### ABOUT THIS TASK:
Give back the full listing verbatim, apart from its images.

══════════════════════════════

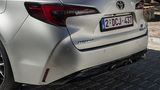 Toyota Corolla 2.0 HEV Touring Sport MJ 2023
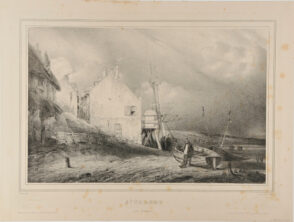 Saint-Valéry (sur Somme)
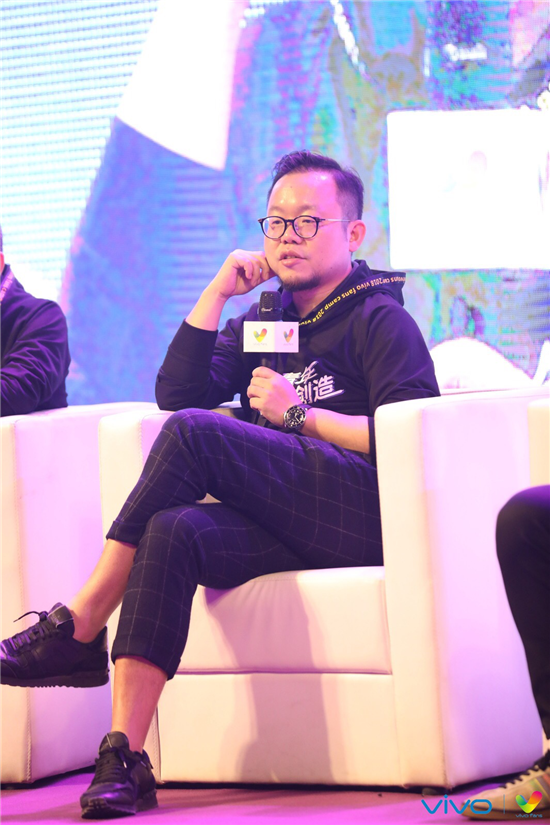 創(chuàng)新再出發(fā)，vivofans粉絲冬令營(yíng)圓滿閉幕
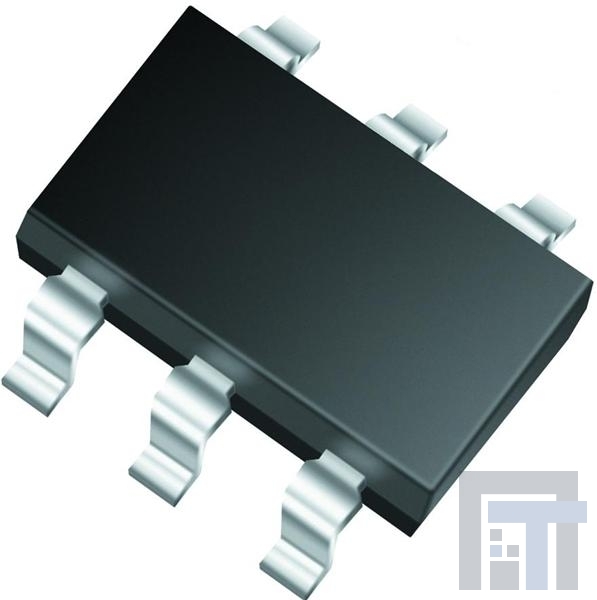 TS1101-100EG6T Усилители считывания тока Bi-Direct Current- Sense Amplifier
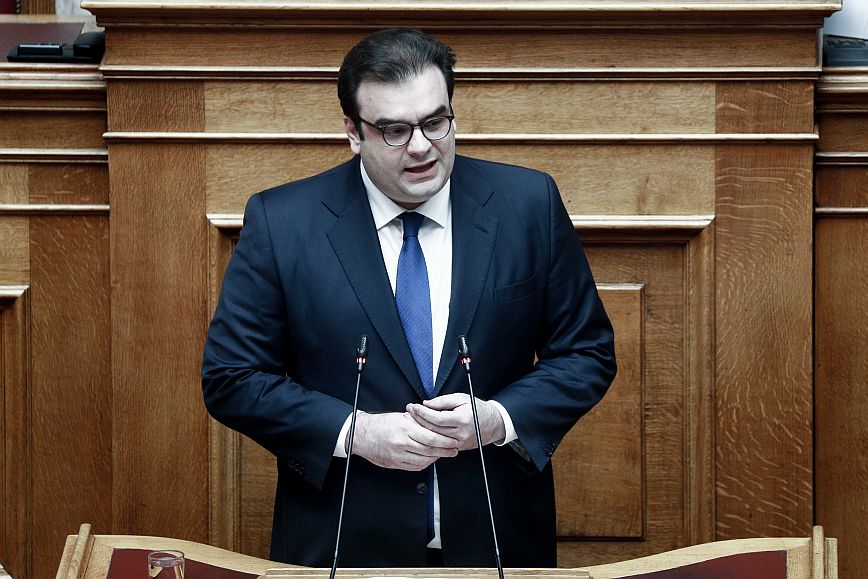 Πιερρακάκης: Ακόμα και η Βόρεια Κορέα έχει ιδιωτικό πανεπιστήμιο – Εκκρεμεί να πειστεί η ελληνική αντιπολίτευση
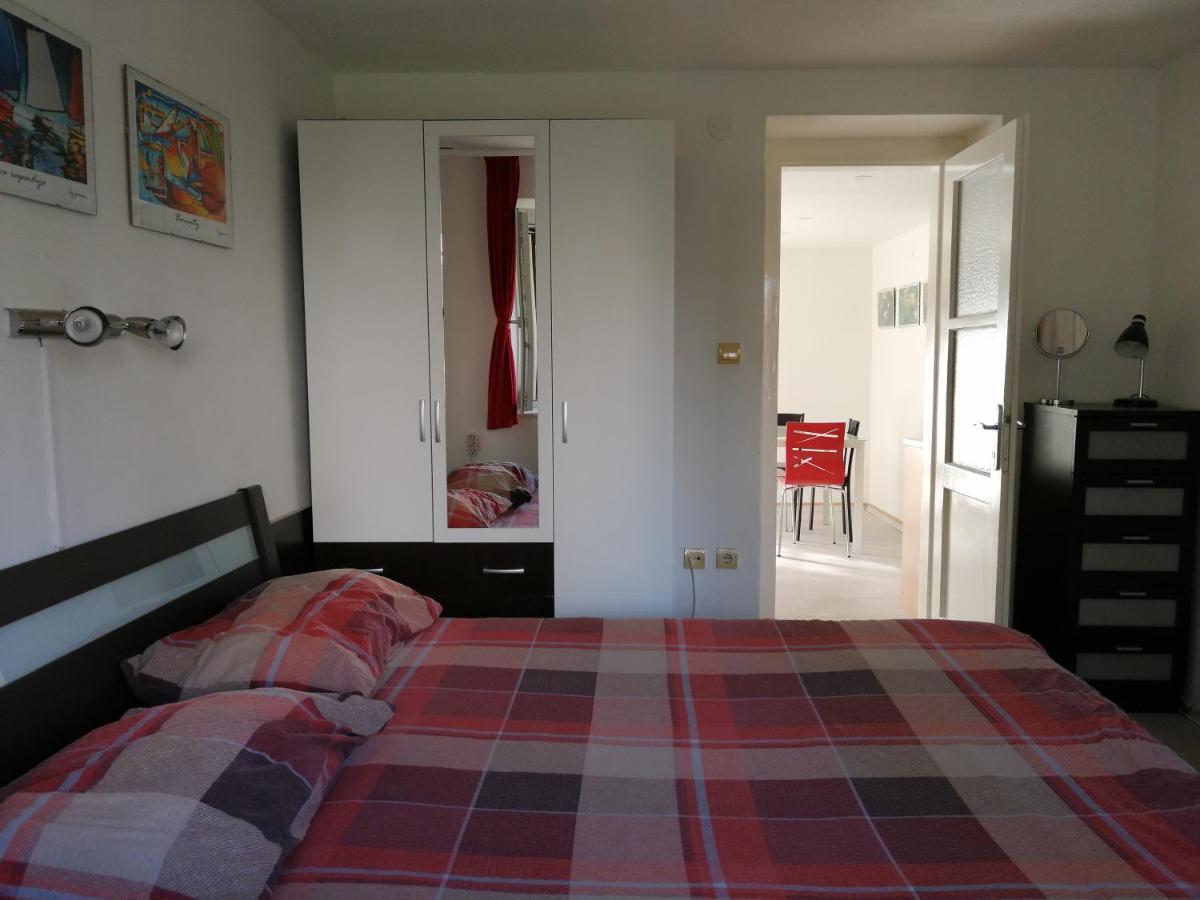 Apartman Paro Split Exteriér fotografie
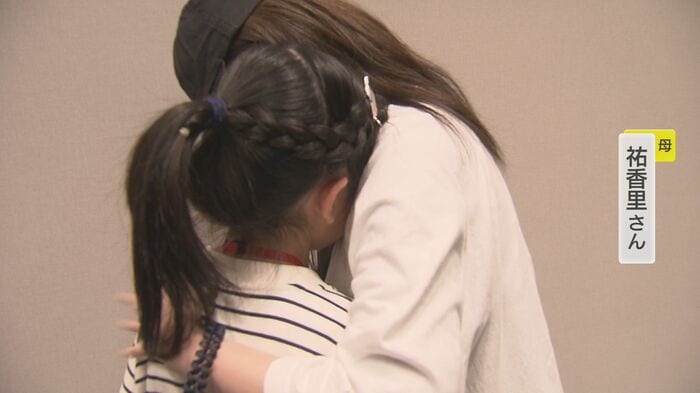 悔し涙の光里さん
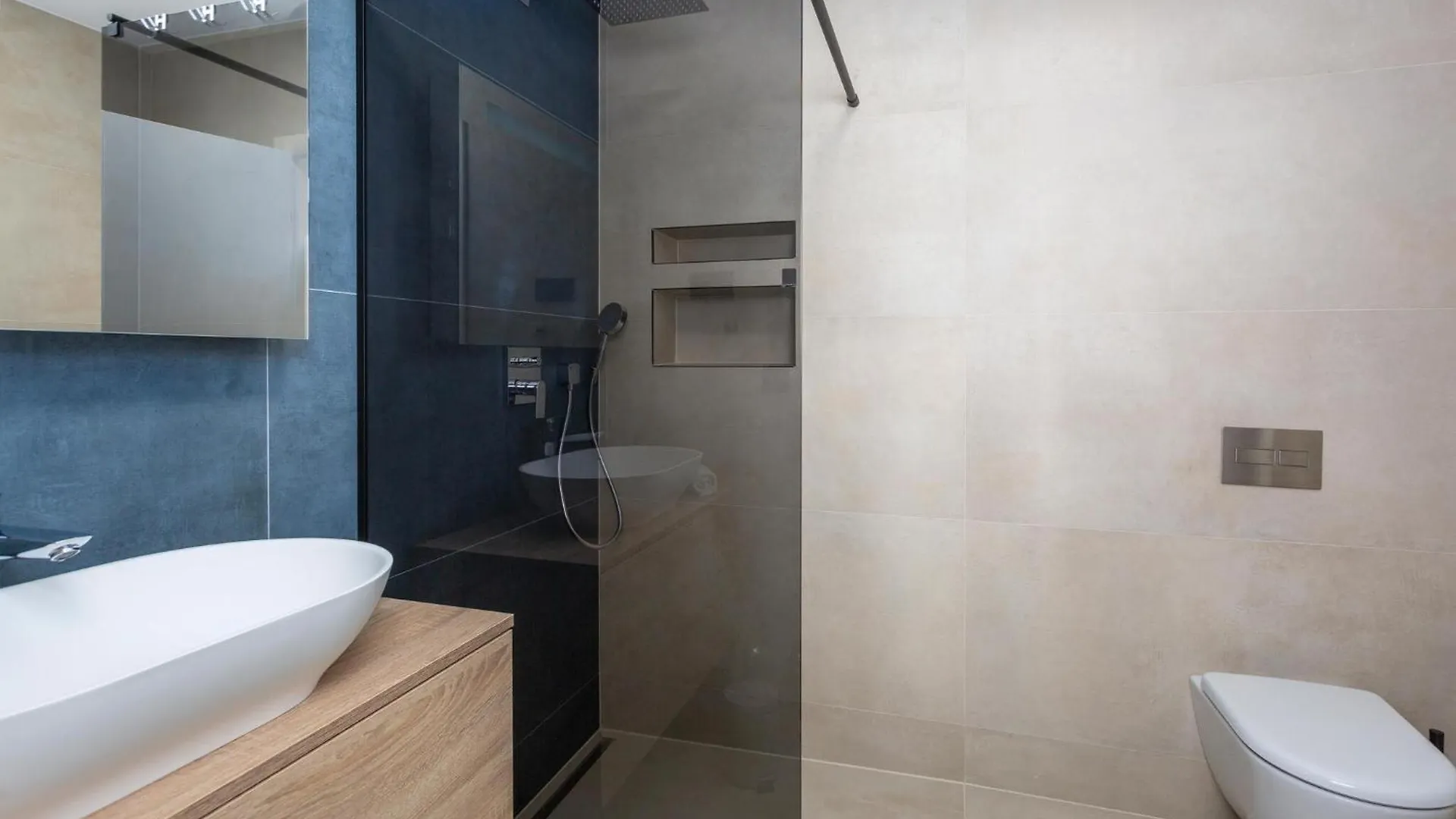 Holiday home 4 Bedroom Lovely Home In Crikvenica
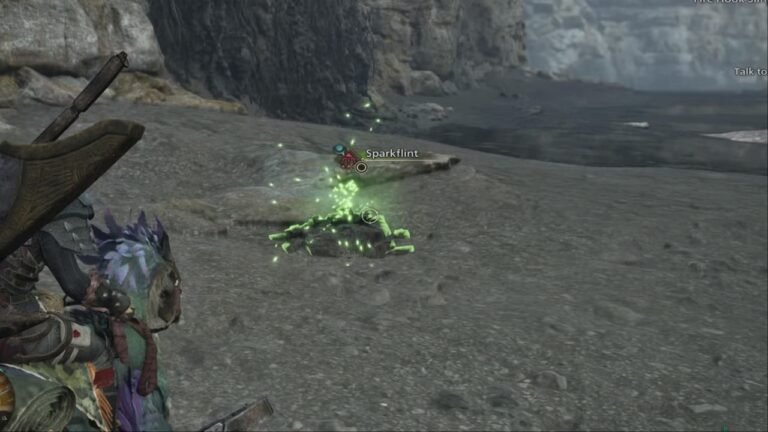 All Slinger Ammo and their effects in Monster Hunter Wilds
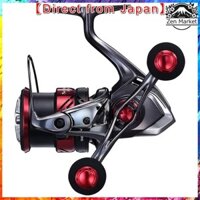 Shimano (SHIMANO) Spinning Reel 21 Sephia XR C3000SDHHG Egging
Shimano (SHIMANO) Spinning Reel 21 Sephia XR C3000S Egging
Shimano (SHIMANO) Spinning Reel 21 Sephia XR C3000SDH Egging
Shimano (SHIMANO) Spinning Reel 21 Sephia XR C3000SHG Egging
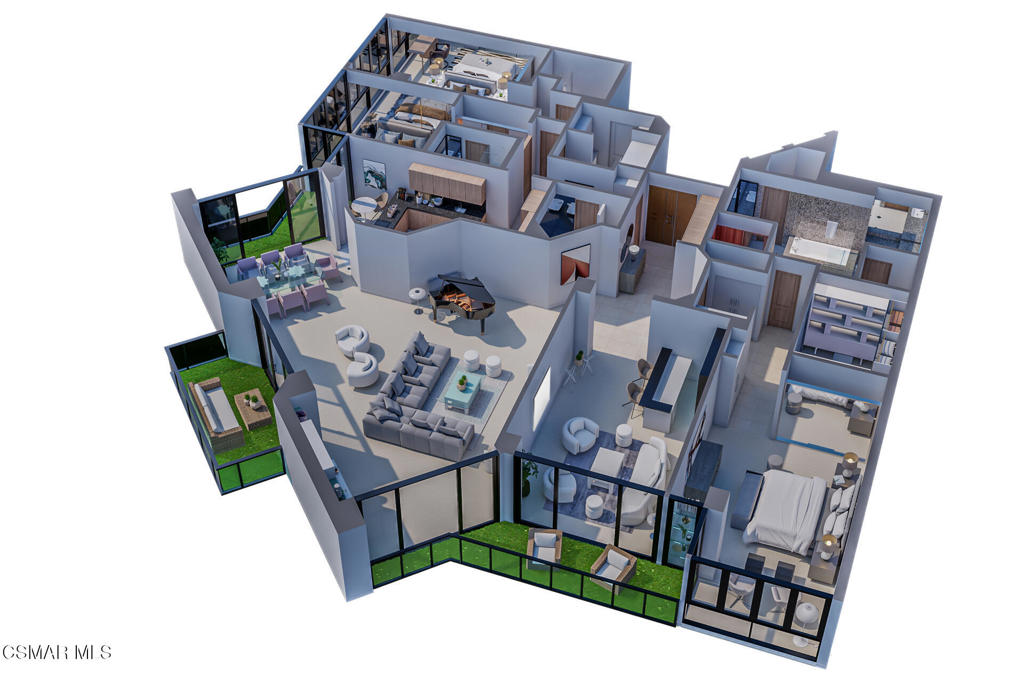 Los Angeles, California, 90024, United States, 3 Bedrooms Bedrooms, ,4 BathroomsBathrooms,Residential,Active,2020549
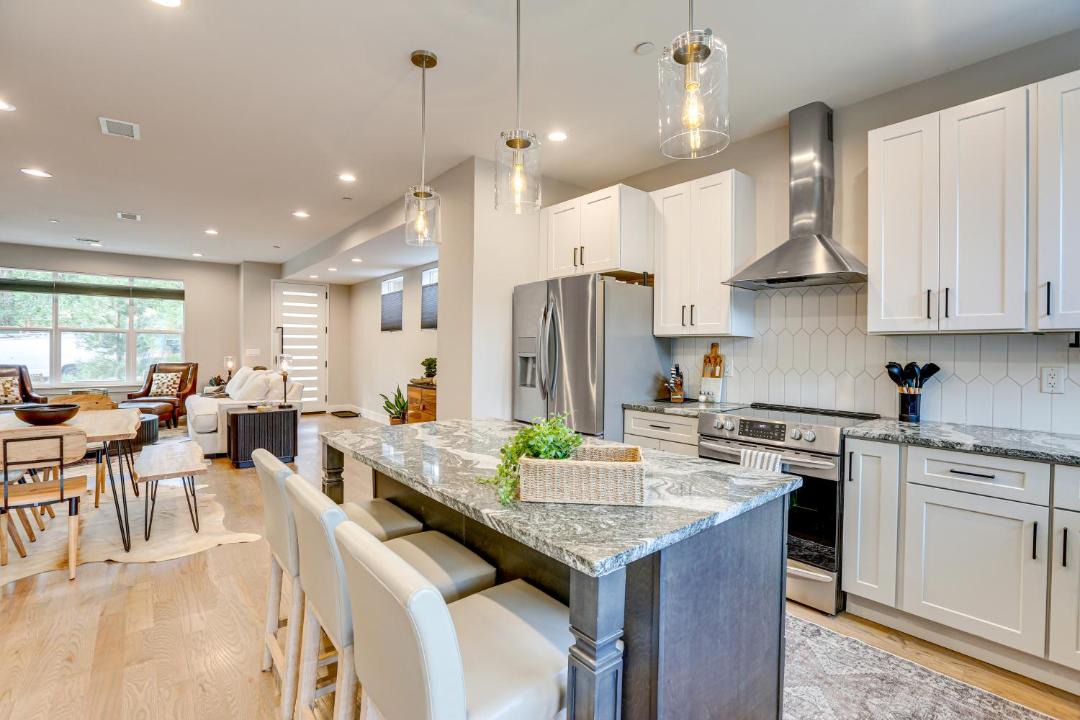 Photo of Kitchen in Golden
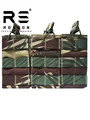 Rhodesia Triple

══════════════════════════════

### ANSWER TO THIS PROBLEM:
 Toyota Corolla 2.0 HEV Touring Sport MJ 2023
 Saint-Valéry (sur Somme)
 創(chuàng)新再出發(fā)，vivofans粉絲冬令營(yíng)圓滿閉幕
 TS1101-100EG6T Усилители считывания тока Bi-Direct Current- Sense Amplifier
 Πιερρακάκης: Ακόμα και η Βόρεια Κορέα έχει ιδιωτικό πανεπιστήμιο – Εκκρεμεί να πειστεί η ελληνική αντιπολίτευση
 Apartman Paro Split Exteriér fotografie
 悔し涙の光里さん
 Holiday home 4 Bedroom Lovely Home In Crikvenica
 All Slinger Ammo and their effects in Monster Hunter Wilds
 Shimano (SHIMANO) Spinning Reel 21 Sephia XR C3000SDHHG Egging
Shimano (SHIMANO) Spinning Reel 21 Sephia XR C3000S Egging
Shimano (SHIMANO) Spinning Reel 21 Sephia XR C3000SDH Egging
Shimano (SHIMANO) Spinning Reel 21 Sephia XR C3000SHG Egging
 Los Angeles, California, 90024, United States, 3 Bedrooms Bedrooms, ,4 BathroomsBathrooms,Residential,Active,2020549
 Photo of Kitchen in Golden
 Rhodesia Triple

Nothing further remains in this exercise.